Washington County School District board members used the Feb. 26 work session to expand a safety-focused list of capital priorities and to direct staff to include a Career & Technical (CT) high school on the district's upcoming bond proposal.
District operations staff summarized a package of options that would address immediate safety concerns at elementary and secondary campuses: perimeter fencing intended primarily to keep students on campus, secured office entry points ("buzz-in" visitor control), replacement of wood playground surfacing with rubberized surfacing, and coordinated installation of shade structures at playgrounds so work is not duplicated. Staff estimated that the combined scope of fencing and door/security work across remaining campuses could be "less than a million dollars" as a planning-level figure, and said a phased approach would be used.
Springdale Elementary drew specific attention: staff reported the school currently lacks a distinct reception area and visitors must ring a doorbell to enter directly into classroom space. Board members suggested a small front addition or secured reception area at Springdale to separate visitors from direct classroom access.
Resource officers and operating choices
Several board members and staff discussed school resource officers (SROs). Presenters described recent agreements to add SRO coverage at middle and high school levels and noted that the cost for a full-time resource officer was roughly in the neighborhood of $90,000 per officer annually. Some board members argued SROs may be cost-effective and immediately protective compared with structural changes alone, while others urged caution about turning schools into fortresses and advocated retaining supports such as counselors and mental-health services.
Capital vs. operational trade-offs
Board members repeatedly noted that security cameras and monitoring systems create ongoing maintenance and personnel costs; one board member warned that cameras primarily document incidents after events occur. Several members said perimeter fencing and interior door controls are more preventative. Staff recommended that shade-structure installation be sequenced with playground-surface replacement to avoid rework.
Bond direction and CT High School planning
The board discussed a proposal to include a CT high school on the district's bond package. Staff described a planning envelope of roughly $20'$25 million as a starting figure for a phase 1 build and suggested beginning community engagement and pathway planning immediately if the board directs the item be placed on the bond. Several board members voted verbally in favor of including the CT high school on the coming bond; one board member expressed hesitation. In the meeting the chair summarized direction as support for including the CT high school on this bond.

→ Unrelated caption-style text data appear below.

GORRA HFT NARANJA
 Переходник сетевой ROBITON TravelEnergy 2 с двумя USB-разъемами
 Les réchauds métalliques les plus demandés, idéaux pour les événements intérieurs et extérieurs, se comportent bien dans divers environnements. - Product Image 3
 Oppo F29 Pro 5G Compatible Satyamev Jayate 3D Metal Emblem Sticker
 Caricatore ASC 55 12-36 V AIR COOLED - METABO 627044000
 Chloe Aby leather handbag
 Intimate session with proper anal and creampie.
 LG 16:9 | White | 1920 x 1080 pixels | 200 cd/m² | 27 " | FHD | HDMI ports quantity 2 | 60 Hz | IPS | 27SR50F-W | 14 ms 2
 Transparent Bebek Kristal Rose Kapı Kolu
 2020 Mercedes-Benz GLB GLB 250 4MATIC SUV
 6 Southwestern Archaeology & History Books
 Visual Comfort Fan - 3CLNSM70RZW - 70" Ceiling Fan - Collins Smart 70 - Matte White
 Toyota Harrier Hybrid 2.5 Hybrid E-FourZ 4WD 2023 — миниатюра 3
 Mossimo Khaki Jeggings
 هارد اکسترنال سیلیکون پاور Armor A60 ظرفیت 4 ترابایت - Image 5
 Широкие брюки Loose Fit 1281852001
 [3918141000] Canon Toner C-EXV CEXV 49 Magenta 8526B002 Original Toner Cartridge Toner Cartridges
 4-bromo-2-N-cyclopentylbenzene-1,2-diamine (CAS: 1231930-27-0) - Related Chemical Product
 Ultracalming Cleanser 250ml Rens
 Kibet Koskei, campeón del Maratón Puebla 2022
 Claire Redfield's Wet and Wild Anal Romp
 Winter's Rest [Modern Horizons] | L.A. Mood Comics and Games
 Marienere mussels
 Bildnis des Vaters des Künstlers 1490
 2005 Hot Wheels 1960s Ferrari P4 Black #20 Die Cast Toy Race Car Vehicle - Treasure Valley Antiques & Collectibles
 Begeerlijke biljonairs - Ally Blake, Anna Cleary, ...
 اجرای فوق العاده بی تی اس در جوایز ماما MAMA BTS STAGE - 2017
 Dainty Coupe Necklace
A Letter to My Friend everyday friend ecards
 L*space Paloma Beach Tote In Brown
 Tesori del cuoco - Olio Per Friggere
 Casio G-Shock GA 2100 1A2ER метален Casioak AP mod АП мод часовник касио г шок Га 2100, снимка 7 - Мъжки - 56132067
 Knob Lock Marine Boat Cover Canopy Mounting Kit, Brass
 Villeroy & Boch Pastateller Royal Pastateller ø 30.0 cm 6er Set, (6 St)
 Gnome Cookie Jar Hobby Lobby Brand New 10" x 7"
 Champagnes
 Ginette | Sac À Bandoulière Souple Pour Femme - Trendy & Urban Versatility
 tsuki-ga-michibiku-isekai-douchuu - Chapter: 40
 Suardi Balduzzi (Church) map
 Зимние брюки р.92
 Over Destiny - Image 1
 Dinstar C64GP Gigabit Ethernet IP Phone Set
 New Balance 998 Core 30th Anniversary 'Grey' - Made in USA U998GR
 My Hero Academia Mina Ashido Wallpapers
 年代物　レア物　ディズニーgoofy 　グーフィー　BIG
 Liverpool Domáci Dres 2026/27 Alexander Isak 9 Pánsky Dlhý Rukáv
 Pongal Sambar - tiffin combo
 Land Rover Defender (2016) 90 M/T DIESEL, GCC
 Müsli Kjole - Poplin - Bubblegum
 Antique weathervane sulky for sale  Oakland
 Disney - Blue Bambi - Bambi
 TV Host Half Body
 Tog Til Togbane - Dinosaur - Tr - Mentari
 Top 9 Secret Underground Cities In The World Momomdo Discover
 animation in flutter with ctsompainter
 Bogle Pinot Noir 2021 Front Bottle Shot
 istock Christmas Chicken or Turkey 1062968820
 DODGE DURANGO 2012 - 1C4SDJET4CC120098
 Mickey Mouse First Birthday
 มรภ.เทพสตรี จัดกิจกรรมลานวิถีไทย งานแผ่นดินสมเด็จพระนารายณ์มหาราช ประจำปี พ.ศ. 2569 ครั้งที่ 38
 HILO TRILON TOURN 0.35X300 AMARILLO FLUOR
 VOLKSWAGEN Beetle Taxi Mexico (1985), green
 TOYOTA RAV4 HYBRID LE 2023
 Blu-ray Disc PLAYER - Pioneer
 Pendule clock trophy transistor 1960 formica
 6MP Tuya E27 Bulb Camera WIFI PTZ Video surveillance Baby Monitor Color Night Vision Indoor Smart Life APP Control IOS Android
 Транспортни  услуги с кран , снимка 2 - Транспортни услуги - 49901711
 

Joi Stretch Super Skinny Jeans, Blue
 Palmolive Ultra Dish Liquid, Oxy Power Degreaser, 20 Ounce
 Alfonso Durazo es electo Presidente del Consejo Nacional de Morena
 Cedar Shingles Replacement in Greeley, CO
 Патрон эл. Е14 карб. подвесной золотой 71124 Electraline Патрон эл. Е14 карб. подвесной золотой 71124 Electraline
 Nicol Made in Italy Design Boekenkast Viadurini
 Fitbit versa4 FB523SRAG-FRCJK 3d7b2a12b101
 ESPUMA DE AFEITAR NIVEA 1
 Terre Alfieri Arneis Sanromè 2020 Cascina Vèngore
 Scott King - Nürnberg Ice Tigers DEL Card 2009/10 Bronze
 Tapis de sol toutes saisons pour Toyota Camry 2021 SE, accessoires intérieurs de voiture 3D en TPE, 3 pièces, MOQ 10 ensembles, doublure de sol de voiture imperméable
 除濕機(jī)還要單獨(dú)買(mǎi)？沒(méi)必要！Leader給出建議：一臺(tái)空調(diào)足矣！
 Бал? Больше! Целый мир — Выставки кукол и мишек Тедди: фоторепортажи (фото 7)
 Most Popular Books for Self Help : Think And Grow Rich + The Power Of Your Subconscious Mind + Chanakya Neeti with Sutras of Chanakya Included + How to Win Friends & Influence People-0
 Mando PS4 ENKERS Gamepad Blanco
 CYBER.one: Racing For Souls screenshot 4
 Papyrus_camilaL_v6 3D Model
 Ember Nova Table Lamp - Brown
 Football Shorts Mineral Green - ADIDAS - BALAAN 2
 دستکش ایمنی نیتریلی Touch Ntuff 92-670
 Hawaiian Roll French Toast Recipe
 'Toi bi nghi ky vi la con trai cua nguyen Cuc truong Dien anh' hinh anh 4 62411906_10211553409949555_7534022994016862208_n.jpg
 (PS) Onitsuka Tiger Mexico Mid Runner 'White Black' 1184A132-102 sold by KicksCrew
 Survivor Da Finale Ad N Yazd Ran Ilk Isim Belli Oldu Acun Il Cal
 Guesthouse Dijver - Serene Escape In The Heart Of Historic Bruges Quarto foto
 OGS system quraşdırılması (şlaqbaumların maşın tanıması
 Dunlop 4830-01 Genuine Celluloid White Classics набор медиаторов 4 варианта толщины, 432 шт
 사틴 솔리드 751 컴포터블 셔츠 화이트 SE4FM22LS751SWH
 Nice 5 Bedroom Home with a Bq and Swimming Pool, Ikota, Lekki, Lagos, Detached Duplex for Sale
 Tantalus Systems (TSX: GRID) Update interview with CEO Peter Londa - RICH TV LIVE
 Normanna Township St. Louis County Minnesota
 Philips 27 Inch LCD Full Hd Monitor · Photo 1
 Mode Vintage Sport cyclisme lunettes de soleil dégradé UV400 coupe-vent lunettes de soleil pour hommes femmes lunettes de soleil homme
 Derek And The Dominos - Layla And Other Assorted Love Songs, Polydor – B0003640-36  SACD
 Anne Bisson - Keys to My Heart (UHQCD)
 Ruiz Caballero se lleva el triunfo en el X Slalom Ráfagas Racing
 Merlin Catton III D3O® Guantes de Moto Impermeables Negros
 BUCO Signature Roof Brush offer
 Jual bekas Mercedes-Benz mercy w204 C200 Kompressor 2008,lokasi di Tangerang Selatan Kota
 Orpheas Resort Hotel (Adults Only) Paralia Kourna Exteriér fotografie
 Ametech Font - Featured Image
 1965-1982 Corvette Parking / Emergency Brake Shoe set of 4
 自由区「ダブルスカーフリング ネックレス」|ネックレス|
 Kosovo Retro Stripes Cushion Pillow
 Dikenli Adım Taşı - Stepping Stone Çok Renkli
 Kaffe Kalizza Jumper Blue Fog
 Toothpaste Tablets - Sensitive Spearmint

Board members emphasized a community-driven pathways process to determine which occupational tracks the CT high school should offer. Staff recommended convening industry and higher-education partners (local businesses, Dixie Tech, Mountainland and Dixie State was discussed) and running focused community meetings to refine 5'10 initial pathways and to size the facility accordingly. A community meeting to begin that outreach was scheduled for March (district staff discussed dates in late March and April; staff later proposed a series of spring meetings).
Scheduling and short-term capital actions
The board also discussed near-term scheduling: staff said elementary door and playground work could be phased and that shade structures already under local fundraising should be paused until the district coordinates installations. Campus fencing would be configured to allow after-hours public access at certain fields that function as parks, with gates opened for community use.
The board accepted a motion later in the meeting to appoint a new Water Canyon Elementary principal (see "Votes at a glance"), and asked staff to begin property search and preliminary planning work for the CT high school now that the board had given direction to include the project on the bond.
Ending
Board members agreed to continue community outreach and pathway planning while including school-safety items and the CT high school in bond planning. Staff will return cost estimates, property options and proposed pathway partners as the district moves toward a bond-timeframe schedule.